══ Excerpted records ══

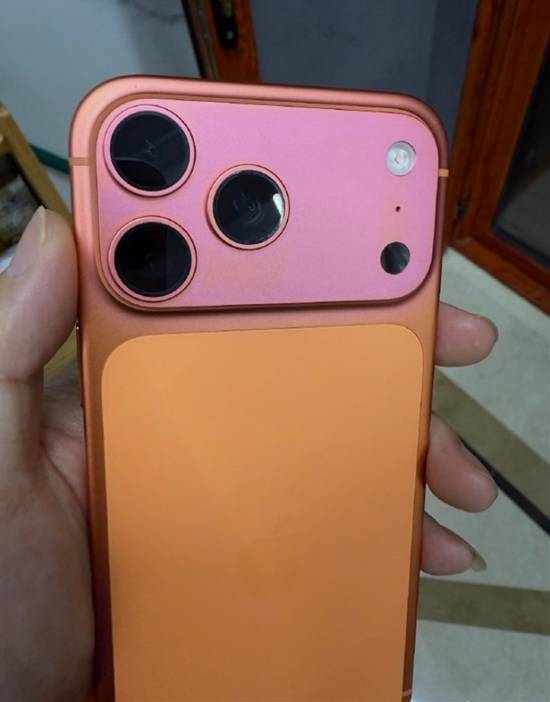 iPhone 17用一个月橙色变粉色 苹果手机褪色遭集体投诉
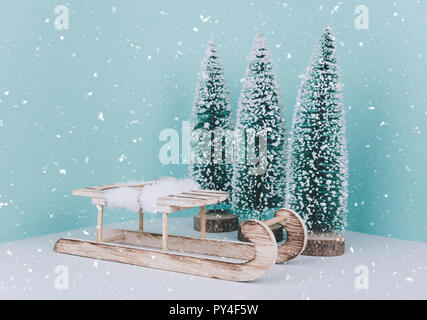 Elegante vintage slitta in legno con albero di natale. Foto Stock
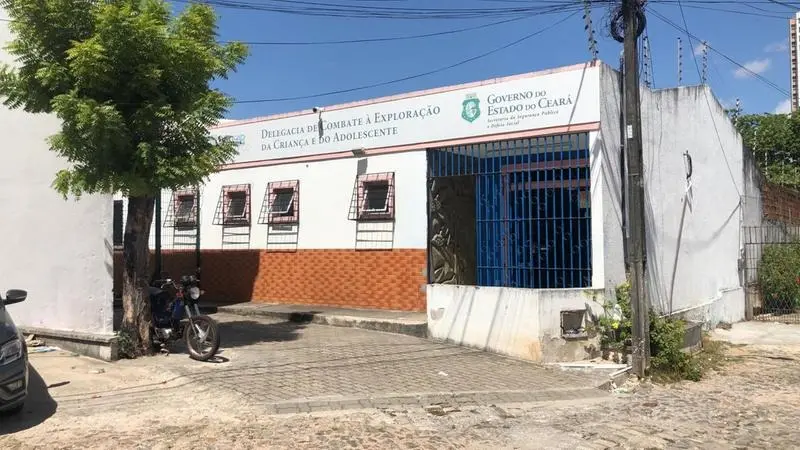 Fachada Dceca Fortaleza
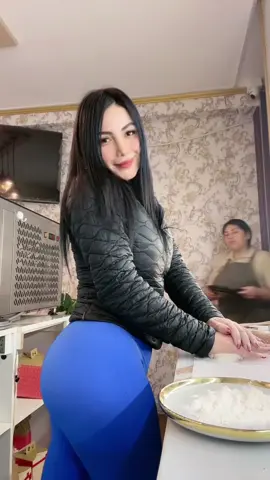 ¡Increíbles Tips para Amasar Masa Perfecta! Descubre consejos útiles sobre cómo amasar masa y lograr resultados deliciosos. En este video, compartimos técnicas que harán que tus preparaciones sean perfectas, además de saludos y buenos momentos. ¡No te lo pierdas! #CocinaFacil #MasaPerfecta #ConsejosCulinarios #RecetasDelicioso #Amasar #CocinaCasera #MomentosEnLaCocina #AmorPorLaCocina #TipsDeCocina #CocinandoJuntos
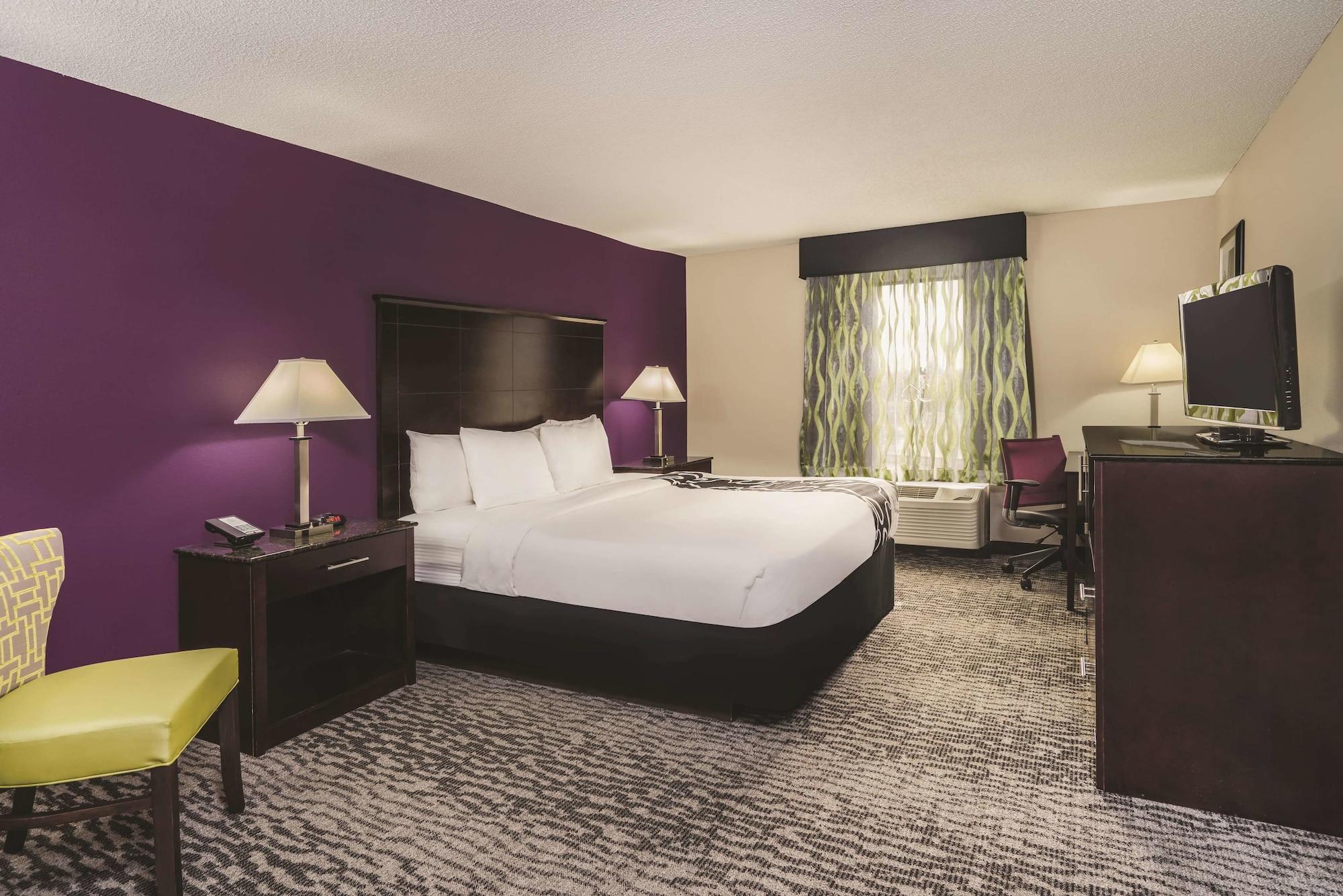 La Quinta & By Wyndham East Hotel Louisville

═══

## Assigned task
From the line with "Fachada Dceca Fortaleza" down to the last line of the entries above, set down every line exactly, apart from the pictures.

## Reply
 Fachada Dceca Fortaleza
 ¡Increíbles Tips para Amasar Masa Perfecta! Descubre consejos útiles sobre cómo amasar masa y lograr resultados deliciosos. En este video, compartimos técnicas que harán que tus preparaciones sean perfectas, además de saludos y buenos momentos. ¡No te lo pierdas! #CocinaFacil #MasaPerfecta #ConsejosCulinarios #RecetasDelicioso #Amasar #CocinaCasera #MomentosEnLaCocina #AmorPorLaCocina #TipsDeCocina #CocinandoJuntos
 La Quinta & By Wyndham East Hotel Louisville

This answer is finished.